TEHERAN: La marine des Gardiens de la Révolution iraniens a empêché lundi six navires d'emprunter le détroit d'Ormuz après qu'ils ont tenté d'y transiter par des routes non autorisées par les autorités iraniennes, a rapporté la télévision d'Etat.

"La nuit dernière, six navires qui tentaient de passer par une route autre que celle désignée ont été stoppés par la marine des Gardiens de la Révolution à l'aide de tirs de semonce et contraints de faire demi-tour", a indiqué un correspondant de la télévision d'Etat depuis le Golfe.

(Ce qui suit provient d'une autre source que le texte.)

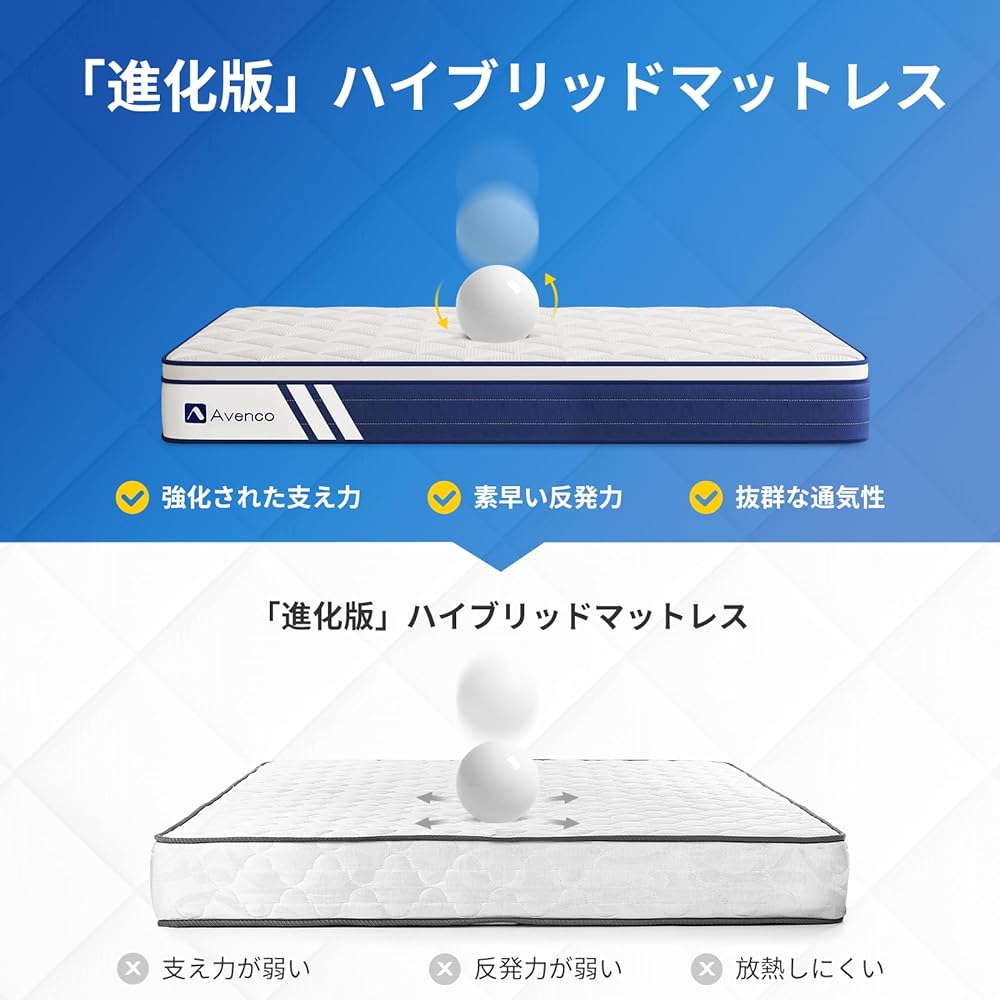 Avenco Mattress Single High Resilience Mattress Slightly Hard Extra Thick 24cm Pocket Coil Mattress Body Pressure Dispersion Bed Mattress Spring Mattress Gel Memory Foam Temperature Adjustment Sleeping Position Memory Single Size Quiet No Bottom Feeling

Plus tôt, la télévision d'Etat avait fait état d'un "incident" impliquant un navire, sans fournir davantage de précisions.

Samedi, les Gardiens, armée idéologique iranienne, avaient annoncé avoir stoppé quatre navires qui tentaient de traverser la partie sud du détroit après avoir tiré des coups de semonce.

Les forces armées iraniennes ont à plusieurs reprises empêché des navires de franchir ce passage maritime stratégique en effectuant ces tirs.

Après la reprise des hostilités avec Washington le 7 juillet, l'Iran a de nouveau verrouillé le détroit d'Ormuz, une voie maritime cruciale pour le commerce mondial des hydrocarbures, revendiquant d'imposer des droits de passage sur les bateaux et autorisant uniquement la route longeant ses côtes.